When comparing 2015 with 2019, we noted that the number of nonlinear enhancement factors decreased significantly, bringing about a return to a predominant pattern of bilinear enhancement (
Figure 5), which accounted for 54.5% of all factor interactions by 2019. At this time, most factors still demonstrated high interaction effects, with values of approximately 0.48. In addition to the interactions between the NDVI and other factors, the interactions between the SA (aspect) and TEM1 (temperature), the SA and PES (pressure), the SA and WS (wind speed), and the PES and TC (traffic convenience) were also strong (
Figure 4). Specifically, we noted increasingly high interaction effects involving natural environmental factors, indicating that the explanatory power of natural resource environments in contributing to ecosystem service values is rising. This indicates that, given the interplay between resources and the environment, the improvement in ecosystem service values requires effective regulation of the ecosystem.

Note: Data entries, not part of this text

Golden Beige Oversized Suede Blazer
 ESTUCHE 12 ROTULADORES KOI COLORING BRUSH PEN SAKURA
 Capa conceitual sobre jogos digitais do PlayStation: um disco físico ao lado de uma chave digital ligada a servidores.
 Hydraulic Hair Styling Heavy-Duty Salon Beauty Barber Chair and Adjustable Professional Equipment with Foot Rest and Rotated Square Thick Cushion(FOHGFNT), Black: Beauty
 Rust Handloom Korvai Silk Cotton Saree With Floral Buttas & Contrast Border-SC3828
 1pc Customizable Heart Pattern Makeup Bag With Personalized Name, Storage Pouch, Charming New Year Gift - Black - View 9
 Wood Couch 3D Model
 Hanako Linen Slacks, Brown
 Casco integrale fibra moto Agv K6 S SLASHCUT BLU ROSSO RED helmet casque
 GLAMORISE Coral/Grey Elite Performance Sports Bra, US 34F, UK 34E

Additionally, it is essential not to overlook the consistently high interaction of human activities with the ecosystem, emphasizing the need for attention to be paid when formulating relevant regulations.
In sum, during the study period from 2000 to 2019, the interactions between the NDVI and other factors always had the greatest impact, indicating that the combined effects of the NDVI with other factors are the largest influencers of the spatial and temporal distributions of ESVs in the YRD. Among the various factor interactions, those between the NDVI and human activities (tourist resource aggregation, traffic convenience) showed significant nonlinear enhancement, indicating that synergistic interactions of human activities (traffic, tourism) with the NDVI have a great capacity to promote ecosystem services in the YRD. Furthermore, when we categorized the driving factors, we found that the interaction between the meteorological phenomena (temperature, dew point temperature, pressure, wind speed) and topographical factors (elevation, slope, aspect) was approximately 0.3–0.4, which is higher than the interaction between the factors of meteorological phenomena and human activity (river distance, tourist resource aggregation, traffic convenience). Furthermore, the interaction between the factors of meteorological phenomena and human activity affected the ecosystem service values in the YRD mainly through bilinear enhancement, while the interaction between the factors of meteorological phenomena and topographical mainly exhibited nonlinear enhancements. Meanwhile, the interaction value between human activity factors and topographical factors was approximately 0.3–0.4, which is higher than the interaction effects between human activities and other factors, potentially since human activities are always constrained by topographic factors such as elevation and slope.